__Task to complete__:
Filter the records below, keeping only lines with the string "Dakota".

· · ·

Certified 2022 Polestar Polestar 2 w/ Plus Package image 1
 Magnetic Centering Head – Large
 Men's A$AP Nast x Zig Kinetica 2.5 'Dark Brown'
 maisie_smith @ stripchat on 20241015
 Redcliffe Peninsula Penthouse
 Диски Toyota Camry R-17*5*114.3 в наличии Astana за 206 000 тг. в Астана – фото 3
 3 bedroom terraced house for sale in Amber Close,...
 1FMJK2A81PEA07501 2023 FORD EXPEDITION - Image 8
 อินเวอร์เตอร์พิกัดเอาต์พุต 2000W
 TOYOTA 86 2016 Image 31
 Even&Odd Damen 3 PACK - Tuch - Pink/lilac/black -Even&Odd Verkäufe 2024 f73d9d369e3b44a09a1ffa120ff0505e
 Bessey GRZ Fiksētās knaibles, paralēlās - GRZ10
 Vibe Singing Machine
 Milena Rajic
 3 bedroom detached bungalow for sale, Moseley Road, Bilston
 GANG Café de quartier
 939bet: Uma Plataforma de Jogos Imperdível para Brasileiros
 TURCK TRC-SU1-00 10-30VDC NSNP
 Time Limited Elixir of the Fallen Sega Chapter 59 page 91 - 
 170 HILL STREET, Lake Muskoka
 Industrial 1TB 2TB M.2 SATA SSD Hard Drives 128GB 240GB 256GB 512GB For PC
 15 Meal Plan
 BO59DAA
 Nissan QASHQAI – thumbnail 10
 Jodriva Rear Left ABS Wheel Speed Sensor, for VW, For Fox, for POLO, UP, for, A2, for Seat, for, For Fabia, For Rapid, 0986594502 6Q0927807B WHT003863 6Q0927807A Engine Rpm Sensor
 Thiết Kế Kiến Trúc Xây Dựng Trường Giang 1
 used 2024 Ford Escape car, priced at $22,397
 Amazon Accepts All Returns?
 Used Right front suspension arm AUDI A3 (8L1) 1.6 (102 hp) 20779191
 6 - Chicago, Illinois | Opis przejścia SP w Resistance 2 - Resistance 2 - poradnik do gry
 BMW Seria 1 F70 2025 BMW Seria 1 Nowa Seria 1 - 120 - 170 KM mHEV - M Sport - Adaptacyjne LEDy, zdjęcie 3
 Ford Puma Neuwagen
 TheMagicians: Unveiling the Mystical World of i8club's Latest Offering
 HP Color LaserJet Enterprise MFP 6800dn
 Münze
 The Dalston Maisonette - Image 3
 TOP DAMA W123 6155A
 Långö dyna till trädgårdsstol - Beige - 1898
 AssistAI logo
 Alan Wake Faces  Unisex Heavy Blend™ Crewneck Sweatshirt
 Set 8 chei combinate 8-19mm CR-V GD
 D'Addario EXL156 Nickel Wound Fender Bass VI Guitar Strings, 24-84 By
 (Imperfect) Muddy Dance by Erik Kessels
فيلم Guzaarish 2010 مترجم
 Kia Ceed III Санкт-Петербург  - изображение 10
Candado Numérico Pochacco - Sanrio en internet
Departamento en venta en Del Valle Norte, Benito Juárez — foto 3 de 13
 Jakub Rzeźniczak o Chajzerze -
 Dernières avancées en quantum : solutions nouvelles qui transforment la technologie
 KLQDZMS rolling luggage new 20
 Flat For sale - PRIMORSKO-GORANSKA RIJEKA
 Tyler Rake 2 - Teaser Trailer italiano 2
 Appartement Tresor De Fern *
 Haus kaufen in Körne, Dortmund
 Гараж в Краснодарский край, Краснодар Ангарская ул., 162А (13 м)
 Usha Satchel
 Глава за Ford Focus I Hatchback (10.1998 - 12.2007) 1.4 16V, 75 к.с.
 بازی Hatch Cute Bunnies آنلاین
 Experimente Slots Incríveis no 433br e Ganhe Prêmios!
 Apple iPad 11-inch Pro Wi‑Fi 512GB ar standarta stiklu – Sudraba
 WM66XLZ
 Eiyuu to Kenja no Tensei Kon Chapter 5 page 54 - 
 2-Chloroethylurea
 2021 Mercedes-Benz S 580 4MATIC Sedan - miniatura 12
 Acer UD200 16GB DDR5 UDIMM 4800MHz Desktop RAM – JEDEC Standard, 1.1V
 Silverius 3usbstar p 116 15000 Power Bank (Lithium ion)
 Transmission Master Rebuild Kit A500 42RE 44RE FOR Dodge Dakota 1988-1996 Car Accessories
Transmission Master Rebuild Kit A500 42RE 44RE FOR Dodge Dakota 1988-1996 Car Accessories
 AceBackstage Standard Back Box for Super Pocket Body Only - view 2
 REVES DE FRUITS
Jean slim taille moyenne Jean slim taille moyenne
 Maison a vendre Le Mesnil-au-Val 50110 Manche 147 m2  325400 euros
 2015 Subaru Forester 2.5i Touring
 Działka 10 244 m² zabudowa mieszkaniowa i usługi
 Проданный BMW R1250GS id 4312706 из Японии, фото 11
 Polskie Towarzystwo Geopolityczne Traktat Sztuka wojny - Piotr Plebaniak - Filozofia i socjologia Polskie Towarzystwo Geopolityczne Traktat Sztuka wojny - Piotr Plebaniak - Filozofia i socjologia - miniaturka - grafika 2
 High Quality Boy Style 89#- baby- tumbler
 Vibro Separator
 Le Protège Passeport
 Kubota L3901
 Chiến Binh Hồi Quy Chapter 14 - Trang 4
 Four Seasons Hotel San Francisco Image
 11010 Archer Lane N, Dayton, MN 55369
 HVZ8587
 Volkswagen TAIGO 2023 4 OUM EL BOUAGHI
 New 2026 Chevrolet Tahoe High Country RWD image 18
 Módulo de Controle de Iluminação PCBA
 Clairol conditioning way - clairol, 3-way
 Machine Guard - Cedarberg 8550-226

· · ·

__Exercise solution__:
 Transmission Master Rebuild Kit A500 42RE 44RE FOR Dodge Dakota 1988-1996 Car Accessories
Transmission Master Rebuild Kit A500 42RE 44RE FOR Dodge Dakota 1988-1996 Car Accessories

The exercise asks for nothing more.